A normal blood pressure is less than 140/90 mmHg (see Heart Disease, in development). If blood pressure is high, try to lower it by increasing physical activity, reducing stress, and eating healthier food. These same changes help both diabetes and high blood pressure.
Medicines called ACE Inhibitors lower blood pressure and may protect against kidney failure. Another group of medicines called statins helps reduce the amount of cholesterol in the blood, to make heart problems or a stroke less likely for people with diabetes. For more on medicines that lower blood pressure and cholesterol medicines, see Heart Disease (in development).
People who smoke get diabetes more often, and people with diabetes who smoke have more serious health problems than those who do not smoke.

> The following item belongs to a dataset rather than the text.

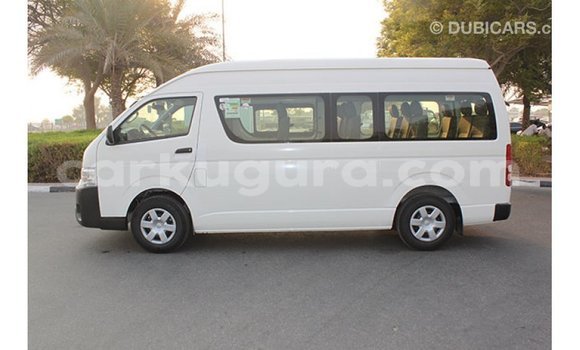 Acheter Import Voiture Toyota Hiace Blanc à Import - Dubai, Bujumbura Acheter Import Voiture Toyota Hiace Blanc à Import - Dubai, Bujumbura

Smoking tobacco damages more parts of the body than just the lungs. It blocks blood flow and raises blood pressure. Smoking is so harmful for people with diabetes that stopping smoking is even more important than lowering the sugar level in your blood. See Drugs, Alcohol, and Tobacco (in development) for help with how to stop smoking.
When blood sugar levels go too high, diabetes can cause blurred vision. This will usually clear up when the blood sugars have returned to normal. However, diabetes can also cause more permanent damage to the blood vessels in the eyes, leading to gradual loss of vision or blindness. A person with diabetes should have their eyes tested once a year or more often if they already have some damage to their eyes. If damage to the blood vessels in the eye is detected early, it can be treated by an eye specialist (ophthalmologist) to prevent loss of vision.
Diabetes worsens gum infections which, in turn, makes diabetes worse. People with diabetes should brush their teeth at least twice a day with a toothbrush and fluoride toothpaste or a chewstick (miswak, neem stick). If toothpicks or floss are available, use them to clean between the teeth. For more on how to prevent gum infections, see Teeth, Gums and Mouth (in development).
A person with diabetes will benefit from seeing a dentist. Always let the dentist know if you have diabetes.
People with diabetes should get regular vaccines to prevent diseases such as influenza and pneumonia, which can be more severe if you have diabetes.